- **WHAT THE EXERCISE ASKS**: Practice item. Set the material below down again exactly, with no pictures.

- **DATASET EXCERPTS**:
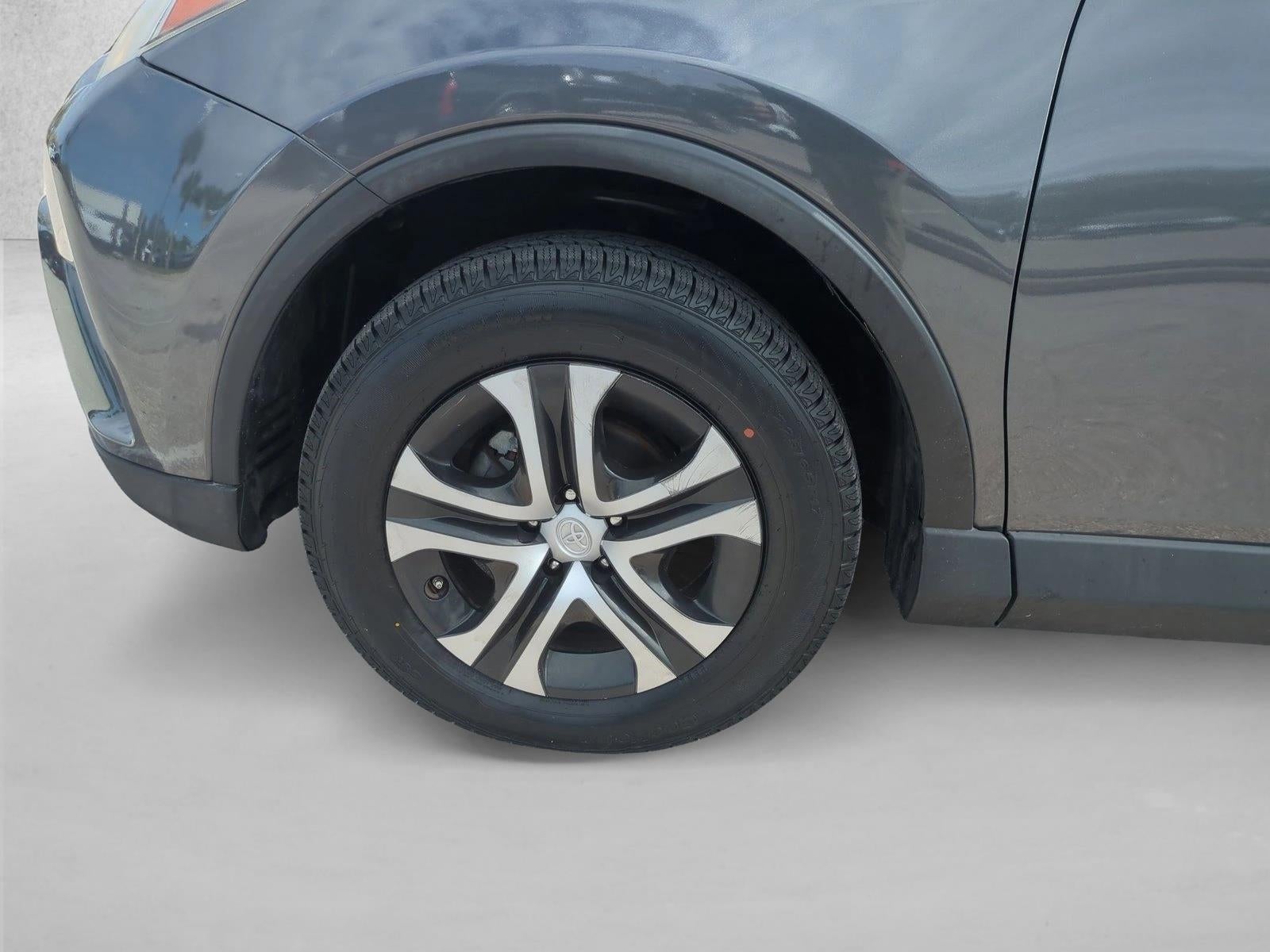 2017 Toyota RAV4 LE FWD (GS)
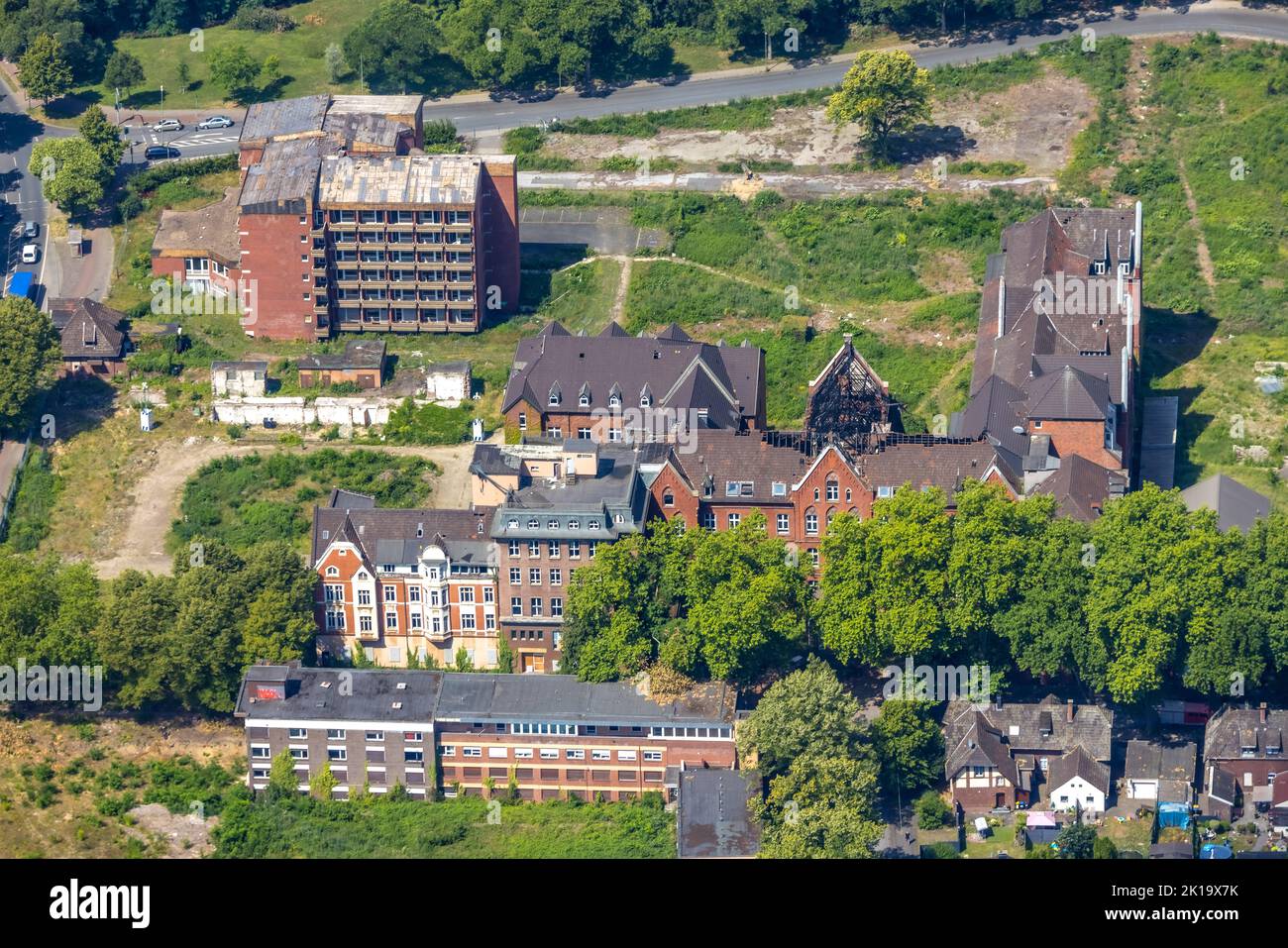 Luftaufnahme, Feuerruine ehemaliges St. Barbara Krankenhaus in der ...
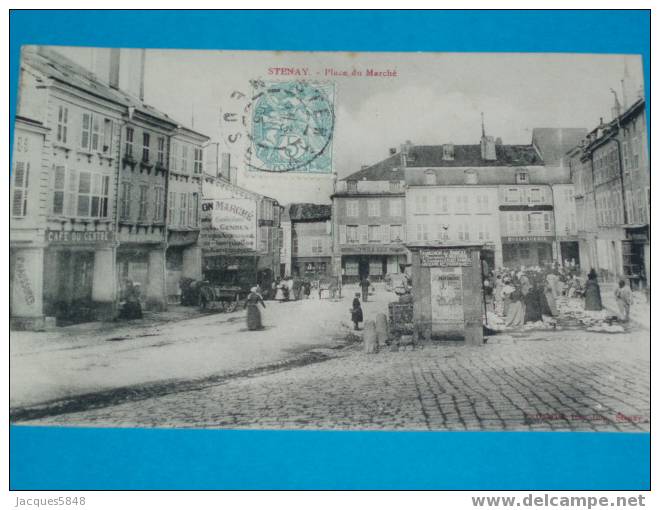 55)- Stenay--place Du Marché- Café Du Centre Et Marché Au Puces-- Tres Belle Carte - Stenay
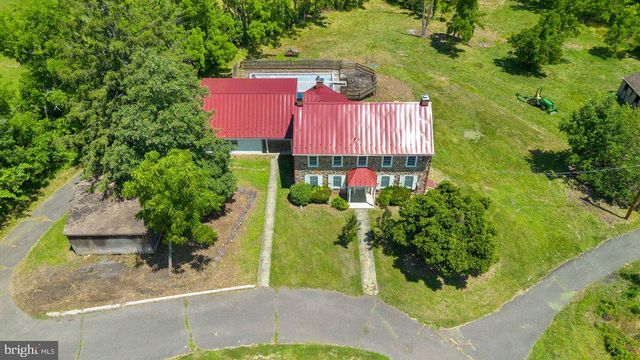 201 E MOYER RD, Pottstown, PA 19464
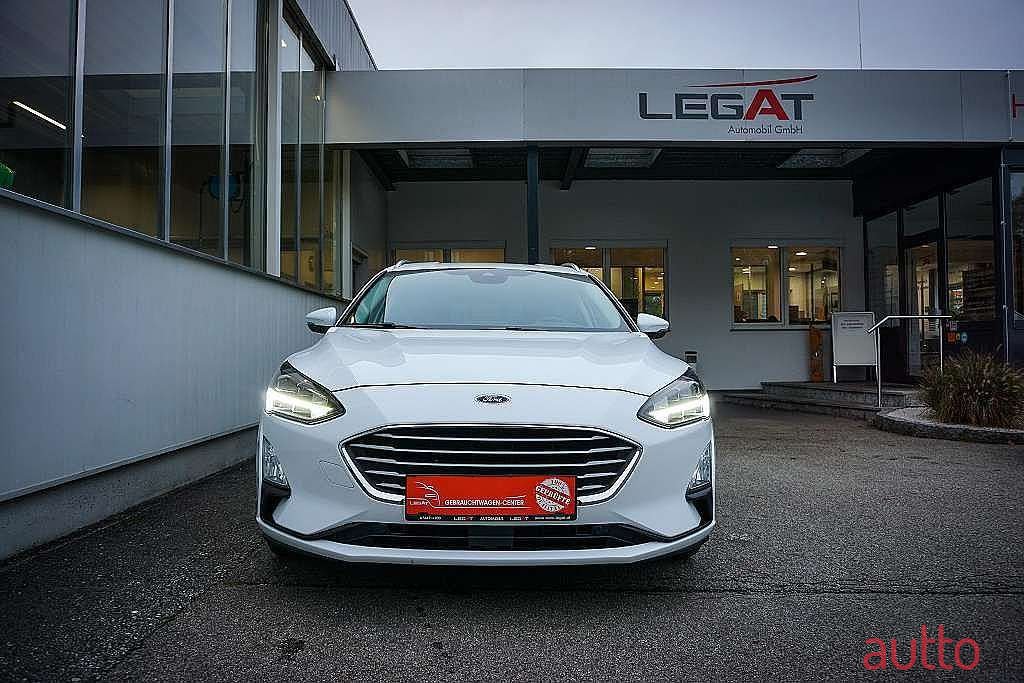 2020' Ford Focus photo #4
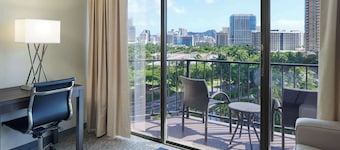 Aqua Palms Waikiki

- **EXERCISE RESULT**:
 2017 Toyota RAV4 LE FWD (GS)
 Luftaufnahme, Feuerruine ehemaliges St. Barbara Krankenhaus in der ...
 55)- Stenay--place Du Marché- Café Du Centre Et Marché Au Puces-- Tres Belle Carte - Stenay
 201 E MOYER RD, Pottstown, PA 19464
 2020' Ford Focus photo #4
 Aqua Palms Waikiki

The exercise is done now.